### What you have to do
Take the line containing "Swarovski Unisex Millenia" and every line after it to the end of the records, and copy them exactly, excluding pictures.

### Supplied data

*** Begin section ***

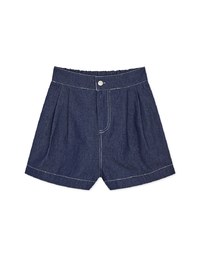Casual Chic Seamline Denim Jeans Shorts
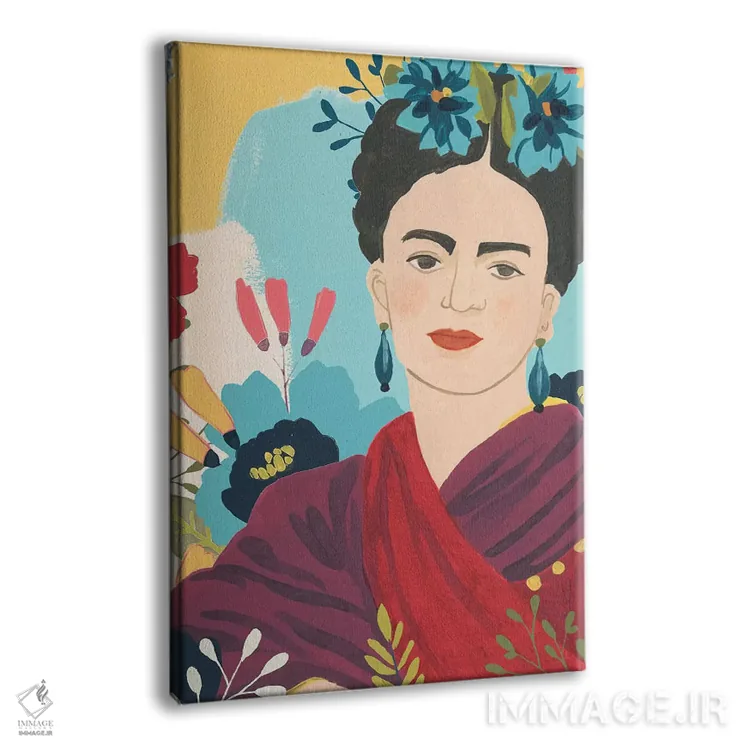 تابلو دکوراتیو باغ فریدا دو اثر جون اریکا وس - نمای پرسپکتیو محصول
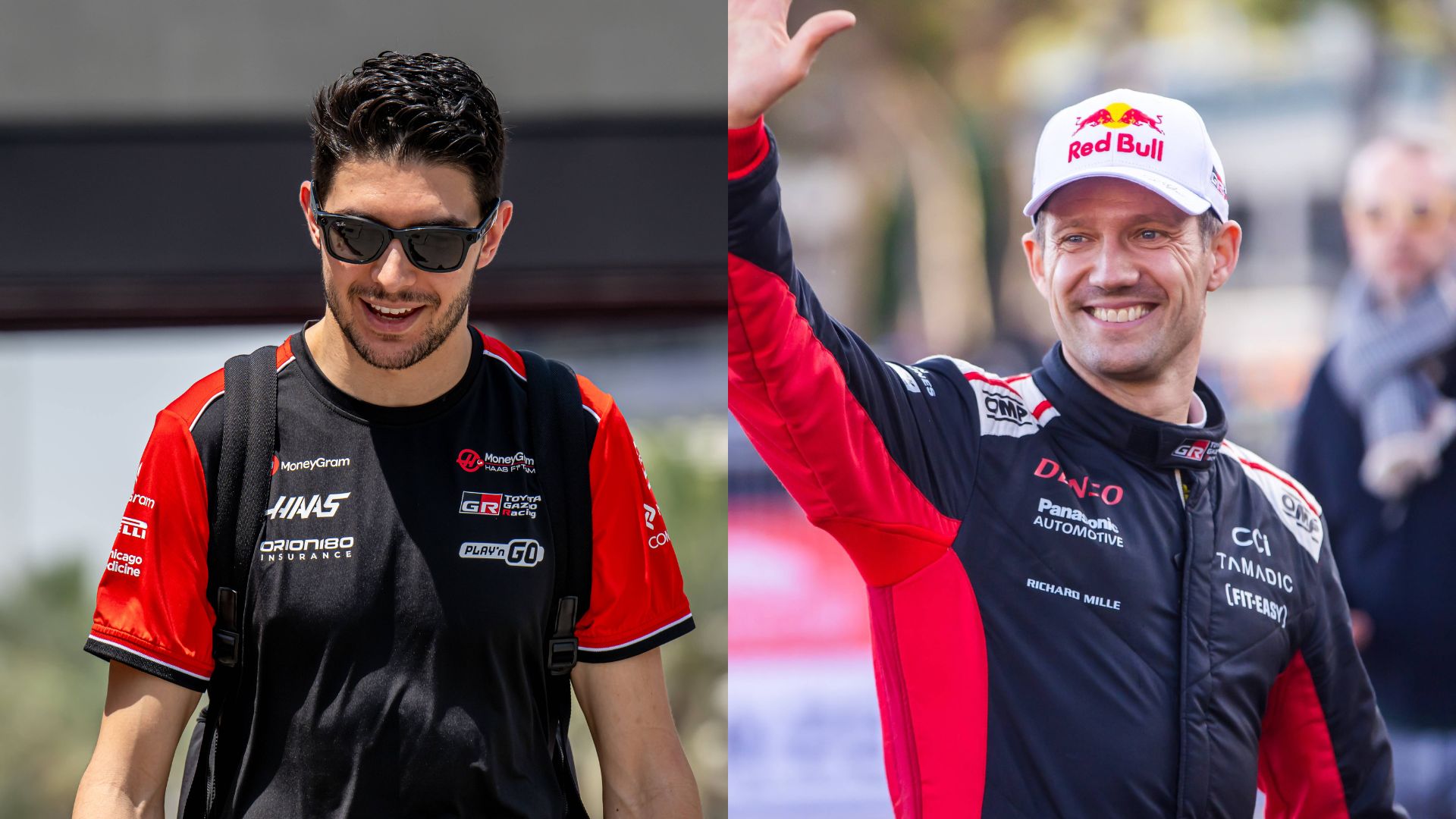 Esteban Ocon (L) and Sebastian Ogier (R)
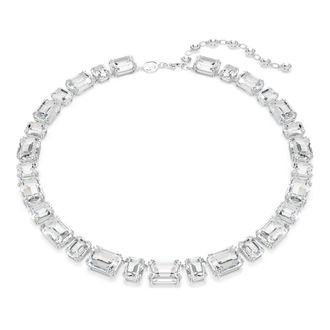 Swarovski Unisex Millenia Tennis Ketting Wit 5705757 - unisex - Kettingen - Grijs - ONE Size - Accessoires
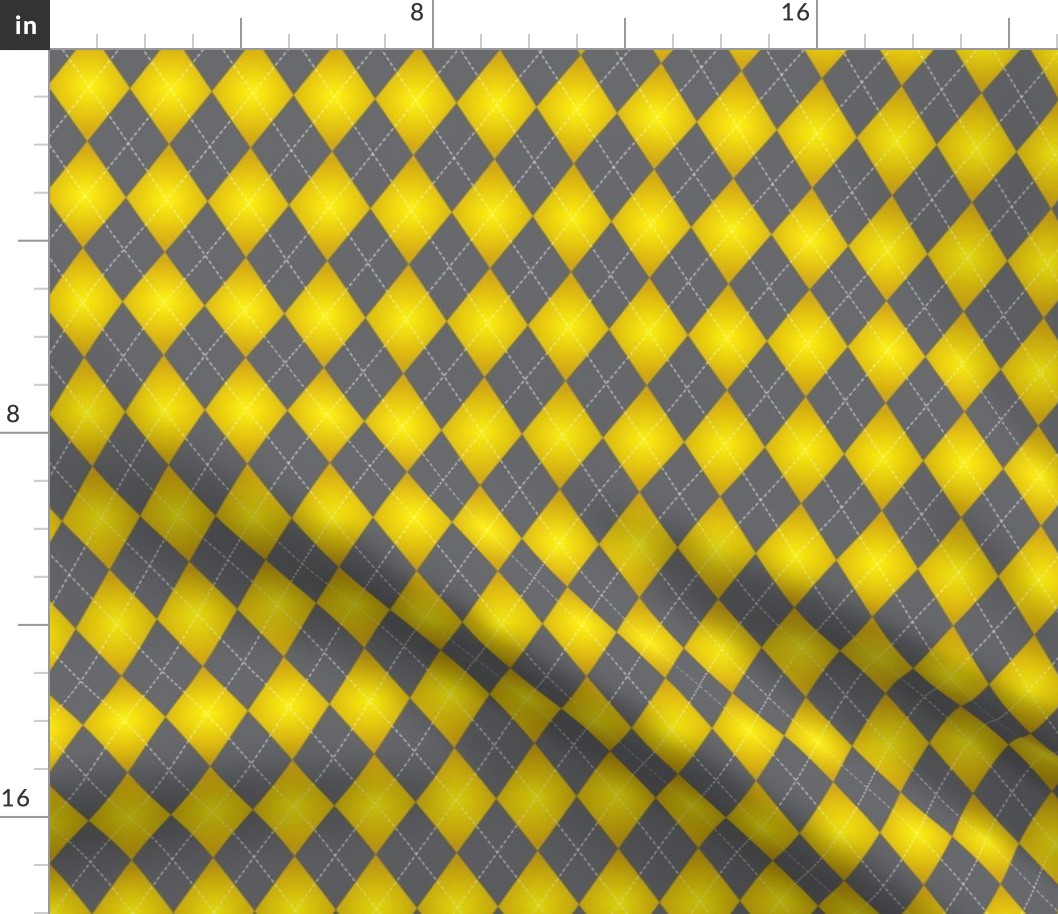 yellow and gray Argyle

*** End section ***

### Your response
 Swarovski Unisex Millenia Tennis Ketting Wit 5705757 - unisex - Kettingen - Grijs - ONE Size - Accessoires
 yellow and gray Argyle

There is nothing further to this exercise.